Ruptura de ligamento cruzado cranial

Você sabe tudo sobre Ruptura de Ligamento Cruzado Cranial? Neste artigo explicamos para você.
Blog Ruptura de ligamento cruzado cranial Hospital Veterinário Butantã

Escrito por

Centro Veterinário Butantã

Ligamento cruzado cranial nada mais é que uma faixa de tecido conjuntivo denso e resistente que une o fêmur (osso da coxa) e a tíbia do pet, não deixando ocorrer ocorrer deslocamento da tíbia em relação ao fêmur e evitando que o joelho tenha uma rotação interna excessiva.

A ruptura de ligamento cruzado cranial pode acontecer nas situações em que o animal já vinha tendo uma degeneração ao longo do tempo. As fibras dentro do ligamento são frágeis e rompem com o passar do tempo e o fator genético pode ser a causa mais importante, mas nada impede de acontecer por meio de traumas.

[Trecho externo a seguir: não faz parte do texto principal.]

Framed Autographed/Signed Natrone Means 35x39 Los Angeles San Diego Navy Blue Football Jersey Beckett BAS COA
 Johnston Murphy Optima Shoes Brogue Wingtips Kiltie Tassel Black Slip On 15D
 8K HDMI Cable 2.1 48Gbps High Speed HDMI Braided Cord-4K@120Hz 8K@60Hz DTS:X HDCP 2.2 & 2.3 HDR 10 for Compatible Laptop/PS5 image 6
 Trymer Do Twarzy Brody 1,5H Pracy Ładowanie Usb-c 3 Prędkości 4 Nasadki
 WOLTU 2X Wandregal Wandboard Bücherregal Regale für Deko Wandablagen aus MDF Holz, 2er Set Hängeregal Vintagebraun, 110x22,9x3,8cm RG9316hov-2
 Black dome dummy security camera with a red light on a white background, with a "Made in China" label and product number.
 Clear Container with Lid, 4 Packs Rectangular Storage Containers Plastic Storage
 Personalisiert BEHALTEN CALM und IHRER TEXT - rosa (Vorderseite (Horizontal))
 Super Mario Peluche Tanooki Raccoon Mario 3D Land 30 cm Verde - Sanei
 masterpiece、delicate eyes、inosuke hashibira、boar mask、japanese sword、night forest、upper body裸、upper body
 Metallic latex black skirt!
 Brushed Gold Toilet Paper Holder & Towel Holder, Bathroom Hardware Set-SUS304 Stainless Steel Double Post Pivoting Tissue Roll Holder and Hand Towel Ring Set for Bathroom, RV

As dores nas pernas é o sinal mais comum e pode aparecer de repente, durante ou após o exercício e movimentos no geral. Em alguns cães pode acontecer nas duas pernas simultaneamente o que causa dificuldade de se levantar, podendo, inclusive, haver confusão no diagnóstico.

Para um diagnóstico mais preciso geralmente é realizado um exame físico por um médico veterinário por meio de manipulações específicas no joelho. Outros exames são fundamentais como, por exemplo, radiografias, exames de ultrassonografia ou ressonância magnética. 

O tratamento não cirúrgico, no caso desse tipo de trauma, é pouco recomendado, pois seus resultados são inexpressivos, além disso, a artrose que pode resultar, invariavelmente, limita a função articular. Portanto, no geral, a cirurgia é a principal indicação. Mas ainda assim, cada animal deve ser tratado de acordo com suas necessidades e a escolha do tratamento depende de vários fatores, como o ângulo do platô tibial (uma parte da tíbia), por exemplo

As técnicas de tratamentos são classificadas em:

Técnicas intracapsulares


Essas técnicas consistem em transferência de tecidos locais, mas tem pouca chance de voltar a função do membro normal. Isso ocorre porque os tecidos que são usados na substituição não são tão robustos como o ligamento original.

-Técnicas extracapsulares

 

As suturas fabelo-tibiais, com vários sistemas de amarração são realizadas entre a Fabela e um túnel na parte superior da tíbia. Esta técnica tem uma certa taxa de sucesso relatada, mas dependente do material utilizado e, principalmente, se realizadas em cães com ângulos de platô tibial mais baixo.

-Osteotomias

 

Estas técnicas alteram a geometria da articulação do joelho afetado, de tal modo que o ligamento cruzado não necessite da função em manter a estabilidade. Existem algumas variações da técnica, todas envolvendo remodelação do platô da tíbia por osteotomia (corte do osso) e fixação em nova posição.

As complicações mais comuns podem ser infecções e complicações mecânicas (soltura dos parafusos ou raramente na quebra do implante), a infecção é tratada com antibiótico e em alguns casos a reintervenção cirúrgica é essencial. 

A maioria dos animais permanecem com os implantes pro resto da vida sem problemas, por isso o mais importante é confiar na qualidade do hospital e dos profissionais que tratarão do seu cão.